From Grand Central station I took the subway. Thinking I was headed out to Queens, I suddenly realized I was on a train heading in the wrong direction. I grabbed my belongings and dashed across the platform to the correct train.
Just as the doors were closing, I realized I had left my briefcase on the first train! Oh no! I had come into town to talk to a recruiter interested in finding me a new job, and in my briefcase was a sheaf of resumes. Too late: the train was moving already!
I got off at the next station and sought out a subway employee, who tried to make contact with someone further down the line, but the situation seemed impossible. This was New York City, notorious at that time for its crime, rude people, and crooks who would take advantage of anyone. I was crestfallen.
When I arrived at my aunts’ home, they were quite concerned. They had received a call from a complete stranger, who claimed he had found my briefcase on the subway. They wanted to hear the rest of the story.

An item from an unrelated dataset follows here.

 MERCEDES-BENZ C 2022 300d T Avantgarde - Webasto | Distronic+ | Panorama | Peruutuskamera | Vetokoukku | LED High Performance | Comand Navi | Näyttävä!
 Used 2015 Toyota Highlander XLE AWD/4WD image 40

After I filled them in, I returned his call within minutes. It turned out that he had been in that first subway car and had seen me leave my briefcase behind. He found my home phone number inside the briefcase, called the number, and talked to my daughter. She gave him the number to my aunts’ home.
He gave me directions to the hairdresser’s shop where he worked, so we piled into Aunt Rita’s car and drove into Manhattan. We found the address easily enough. I retrieved my briefcase, contents intact, from this wonderful man, while my aunts sat double-parked outside the shop.
When I offered him a cash reward, he would hear nothing of it. I was grateful, as I didn’t have a lot of money at the time, but was more than willing to part with something in order to show my appreciation for his helpfulness and honesty.
This is my belated public thank you to the kind soul who saved my day. I have since incorporated into my own life the same “random acts of kindness to others” that he showed me. I, too, decline any monetary reward for just helping others in this big, wide world. The reward is great: knowing that another person’s life has been changed for the better.